■ Aim of the exercise:
Scan the records for the string "Full" and copy every line that holds it.
### Supplied data ###
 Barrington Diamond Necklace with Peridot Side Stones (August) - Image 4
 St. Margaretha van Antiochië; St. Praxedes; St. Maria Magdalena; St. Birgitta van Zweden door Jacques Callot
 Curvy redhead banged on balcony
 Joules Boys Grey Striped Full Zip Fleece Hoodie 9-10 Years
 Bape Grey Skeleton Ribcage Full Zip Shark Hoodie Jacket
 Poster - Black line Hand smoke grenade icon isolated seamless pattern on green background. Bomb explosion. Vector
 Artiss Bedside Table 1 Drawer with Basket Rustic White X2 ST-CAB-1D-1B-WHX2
###
### Supplied data ###
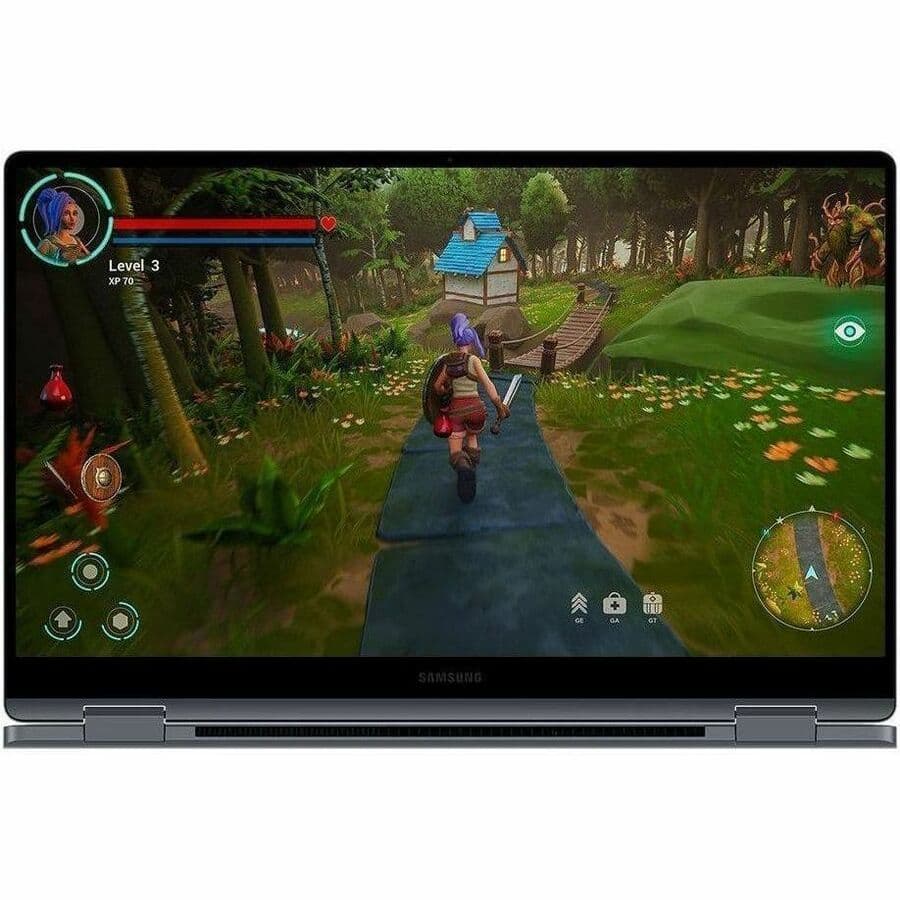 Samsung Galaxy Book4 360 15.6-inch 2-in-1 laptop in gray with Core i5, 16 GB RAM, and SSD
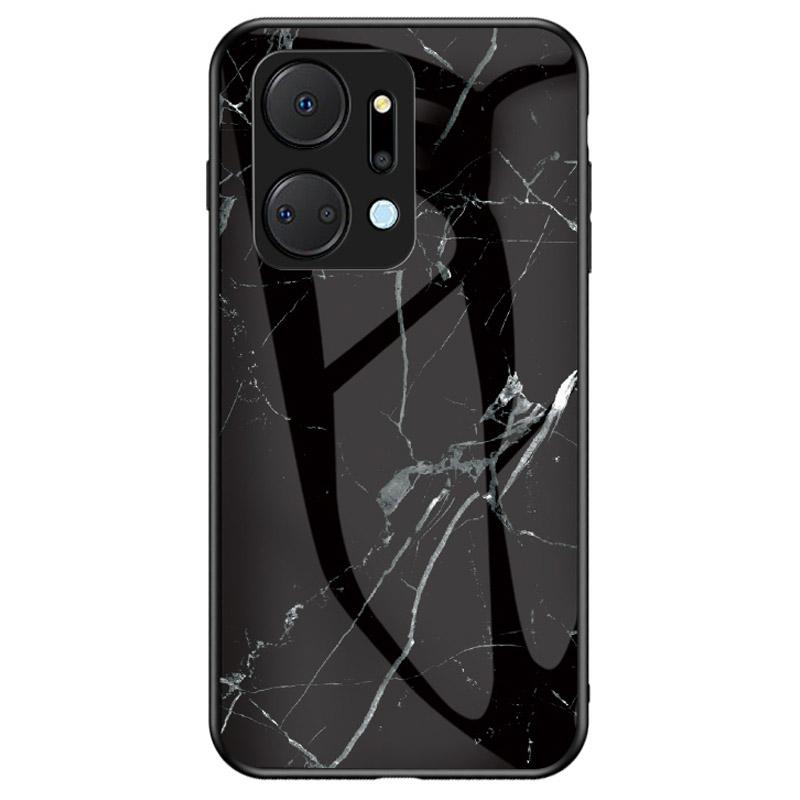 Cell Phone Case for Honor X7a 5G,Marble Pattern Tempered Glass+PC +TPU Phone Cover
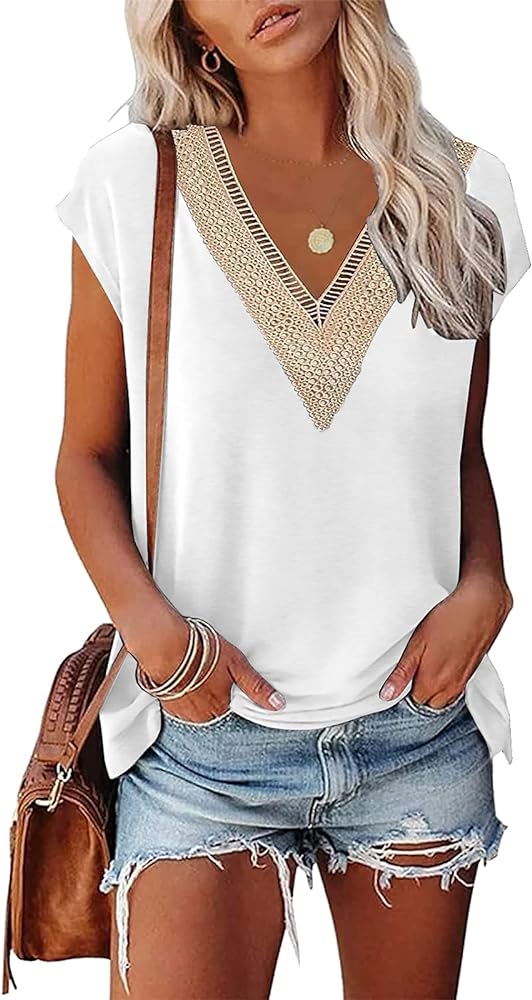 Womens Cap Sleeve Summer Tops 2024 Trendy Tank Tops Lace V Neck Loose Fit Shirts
###
### Supplied data ###
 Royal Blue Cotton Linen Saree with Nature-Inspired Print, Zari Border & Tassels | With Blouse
###
■ Response box:
 Joules Boys Grey Striped Full Zip Fleece Hoodie 9-10 Years
 Bape Grey Skeleton Ribcage Full Zip Shark Hoodie Jacket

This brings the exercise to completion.